Notes: Studies from Israel, Taiwan, and Japan reported absolute risks of myocarditis (including myopericarditis but excluding pericarditis alone) at 0–21 days after the first and second doses of BNT162b2 (BNT) and mRNA-1273 (Moderna) vaccine. Studies form Hong Kong and Nordics reported the risk at 0–28 days. Each risk stratum was marked with a corresponding color. **The observation period after vaccination was 28 days.

Figure 3 Reported rates of myocarditis (per million persons) without restriction on time after the first and second doses of BNT162b2 (BNT) and mRNA-1273 (Moderna) vaccine according to sex and age group.

Notes: Studies from Ontario Canada, Australia, Taiwan, Japan, and France reported absolute risks of myocarditis (including myopericarditis but excluding pericarditis alone) without restriction on time after the first and second doses of BNT162b2 (BNT) and mRNA-1273 (Moderna) vaccine. Each risk stratum was marked with a corresponding color.

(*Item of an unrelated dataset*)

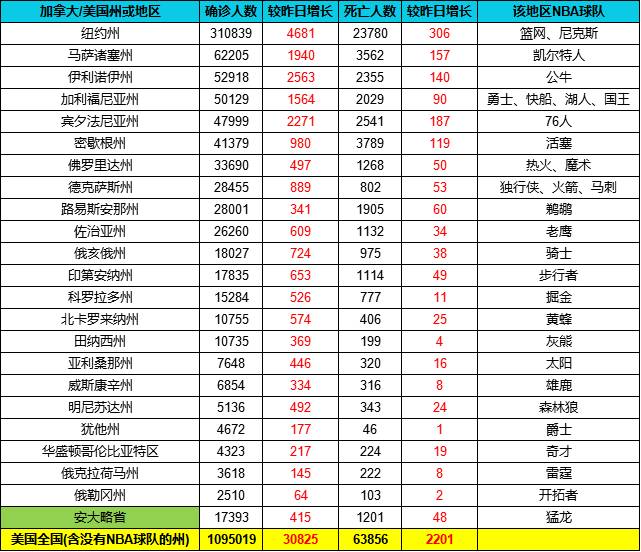 截止5月1日各球队所在区疫情统计 美国累计确诊超109万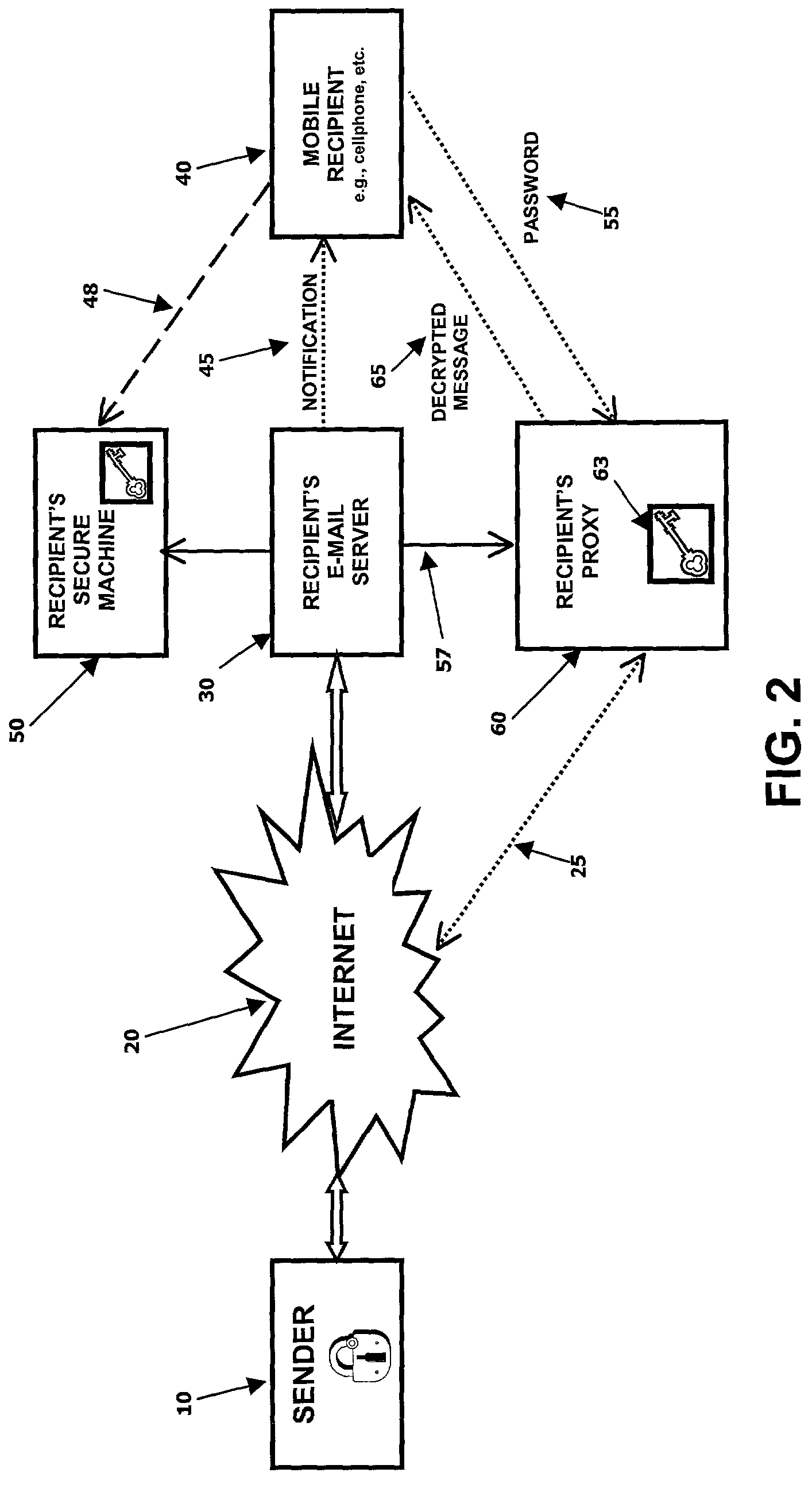 Encrypted e-mail message retrieval system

There tended to be a higher rate of mRNA vaccine-related myocarditis in younger individuals than in older individuals, in males than in females, and after the second vaccine dose than after the first dose. The highest risk was observed among young male recipients after two doses of mRNA vaccine. However, the age group with the highest risk differed across these studies. Studies from Australia and Taiwan found that male vaccines aged 12–17 years had the highest risk, and the studies from the US and Israel suggested that 16–17 years and 16–19 years were the age groups with the highest risk, respectively. In contrast, surveillance data from France reported that male vaccine recipients aged 18–24 years had the highest risk.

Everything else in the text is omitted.